Running integrity checks in Bitbucket Data Center

Still need help?

The Atlassian Community is here for you.

Ask the community

This feature is only for customers with an active Bitbucket Data Center resources license.

This page describes how to run integrity checks in a Bitbucket Data Center instance, for example, after restoring from backups.

About integrity checks

Bitbucket Data Center allows you to perform an integrity check that scans for potential inconsistencies between the database and home directory, and resolves them if necessary so that your pull request and repository state are completely consistent with each other. You can perform an integrity check in any situation where you suspect your database and home directory may contain inconsistencies, for example, after restoring from a backup.

On this page

Running integrity checks

To run integrity checks, add this line to your ${BITBUCKET_HOME}/shared/bitbucket.properties:

disaster.recovery=true

Then start Bitbucket. You can start Bitbucket on all cluster nodes if you wish.

After starting, Bitbucket will run integrity checks on one cluster node only. Integrity checks may take several minutes to complete, but run in the background. While integrity checks are running users can still log in, interact with the system, and perform hosting operations on repositories.

Disabling integrity checks

After you have restored Bitbucket, integrity checks have run, and you have resumed normal operation, turn off the disaster.recovery property in your bitbucket.properties file so integrity checks won't run unnecessarily the next time your instance is restarted.

disaster.recovery=false

What integrity checks look for

Integrity checks (which run when disaster.recovery is set to true) scan your instance for inconsistencies between the database and home directory that can occur when snapshots of your database and file system were taken at slightly different times.

Why integrity checks are needed

When Bitbucket is running it is constantly modifying its database and home directory, but under almost all circumstances the two data sources will be consistent with each other (even if the UI is slow to catch up).
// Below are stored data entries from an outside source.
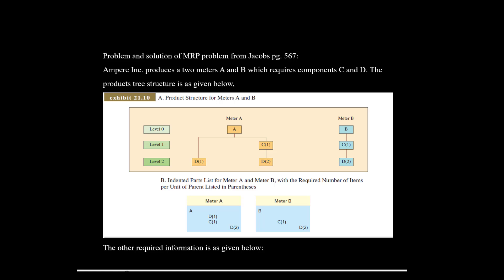If you look at the given product structure tree, meter A requires one unit of component C and one unit of component D. Also, to make one unit of component C, we require two units of component D. So in short, to make one complete meter A, we require one unit of C and two units of D. For producing meter B, we require one unit of component C, and to produce one unit of component C, we require two units of component D. This is the product structure or product tree which we are going to use in solving the problem.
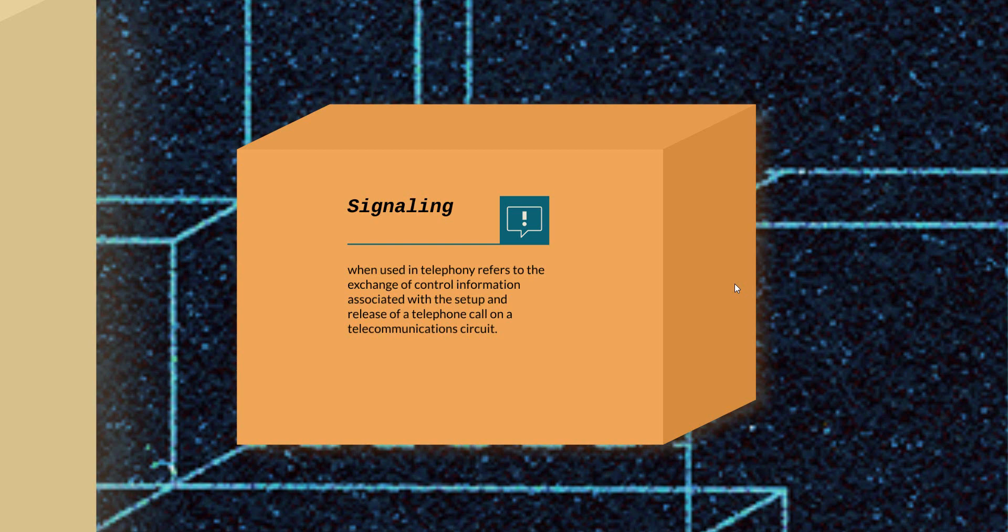First, A number must authenticate to the network before making any call to ensure they are eligible and authorized to access the network. Second, A number must make a location update to enable the network to route them to the B number. This is what we call signaling.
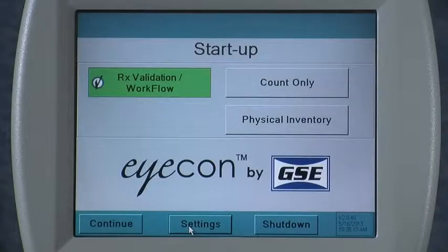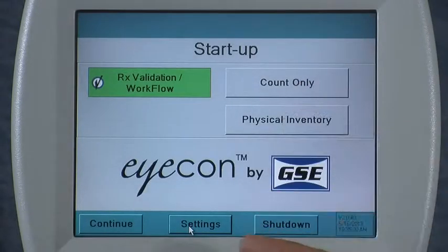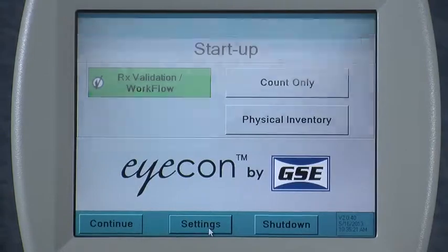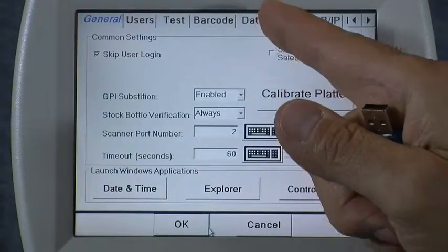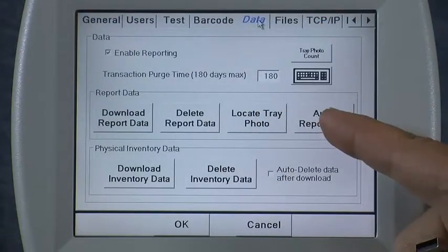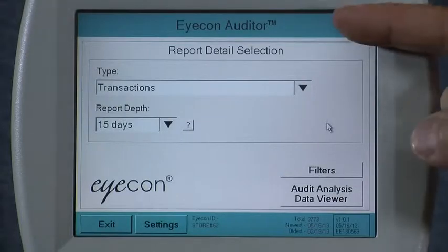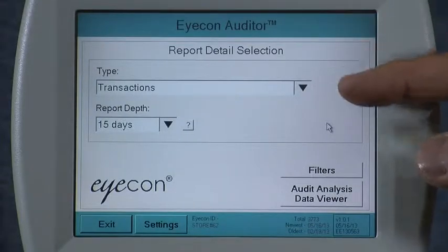Let's take a look at the audit report functions included on the ICON. From the main startup menu, press the Settings button and select the Data tab. Then press the Audit Report Data button. This brings up the ICON Auditor main menu.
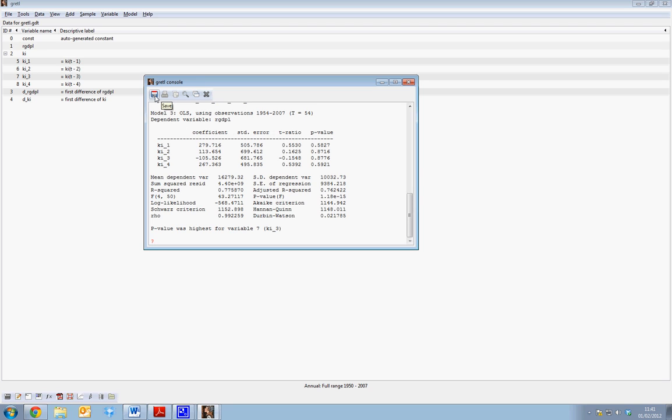We can then save the output by clicking save or we can print it by clicking print. Using Gretel console rather than drop down menu allows us to use commands which are much more flexible and allows us to repeat the commands one after the other.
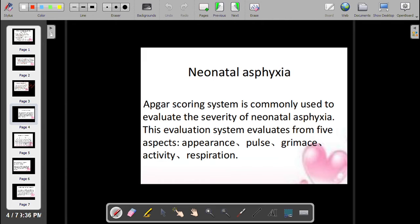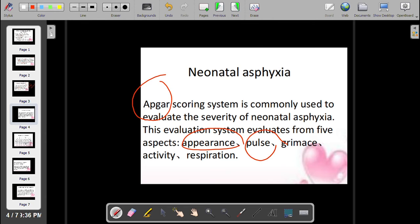The APGAR scoring system is used to evaluate the severity of neonatal asphyxia. This evaluation system relates to five aspects: A for Appearance, P for Pulse, G for Grimace, A for Activity, and R for Respiration.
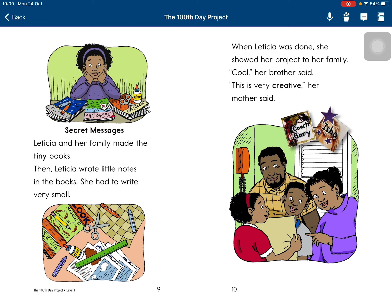Leticia and her family made the tiny books. Then Leticia wrote little notes in the books. She had to write very small. When Leticia was done, she showed her project to her family.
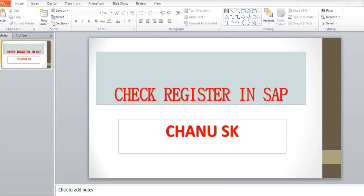Hello guys, my name is Chanu SK, SAP FICO consultant. Today I would like to share the basic information regarding check register in SAP.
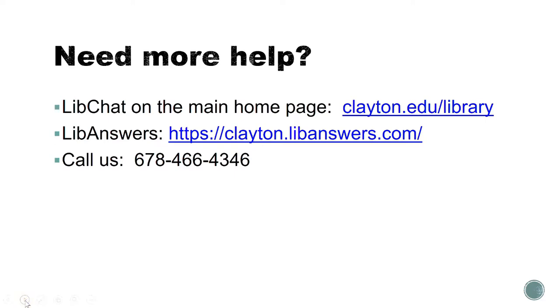If you need more help, use LibChat on our main homepage or LibAnswers, or you can call us at 678-466-4346.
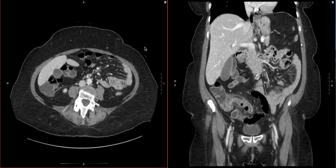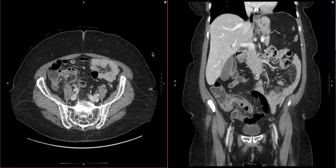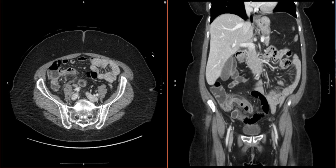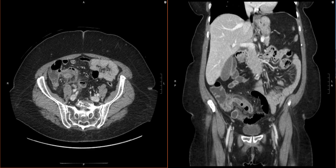We're going to go over one of the cases of perforated appendicitis on CT here. We have our axial and our coronal here. Just to be systematic, we'll be quick with how we do this, but we will be algorithmic.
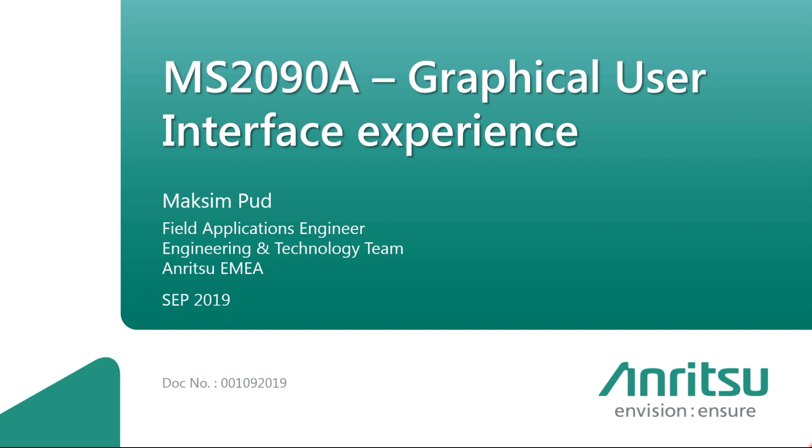Hello and welcome to Anritsu video podcast series for the MS2090A FieldMaster Pro, our new premium handheld spectrum analyzer. My name is Maxim Pud, an FAE with the ENT team of Anritsu EMEA. Today's session covers the graphical user interface experience of MS2090A.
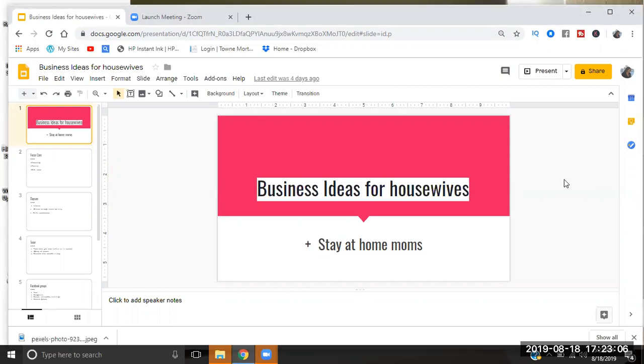Hey honey buns, it's Jen and I want to come in and talk to you guys about some business ideas for housewives and stay-at-home moms. For those of you who don't know, I recently did a video where I talked about jobs for stay-at-home moms and housewives, so make sure you guys are checking out the video.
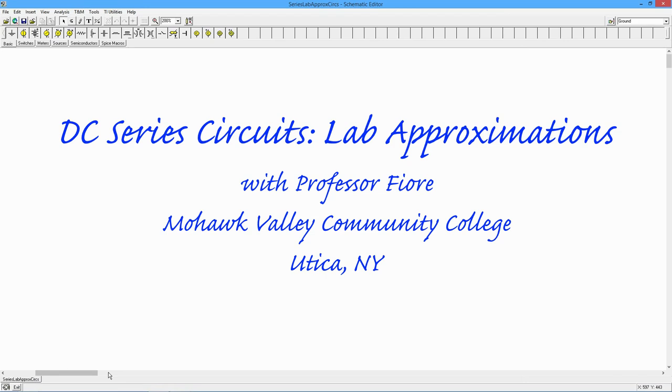Greetings, folks. In today's lab, we're going to look at some things that can go wrong in lab. Oh, the excitement.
However, when database and home directory snapshots are taken independently, and updates that affect the database and home directory happen between the two snapshots, integrity checks may find inconsistencies. An example of when this could happen is if a pull request is merged between snapshots. When snapshots of your database and home directory are taken close enough together the chance of inconsistencies arising are small.

What integrity checks cannot detect

Inconsistencies in Git: It's important to note that integrity checks only detect inconsistencies between your database and home directory, not internal inconsistencies within the repositories themselves.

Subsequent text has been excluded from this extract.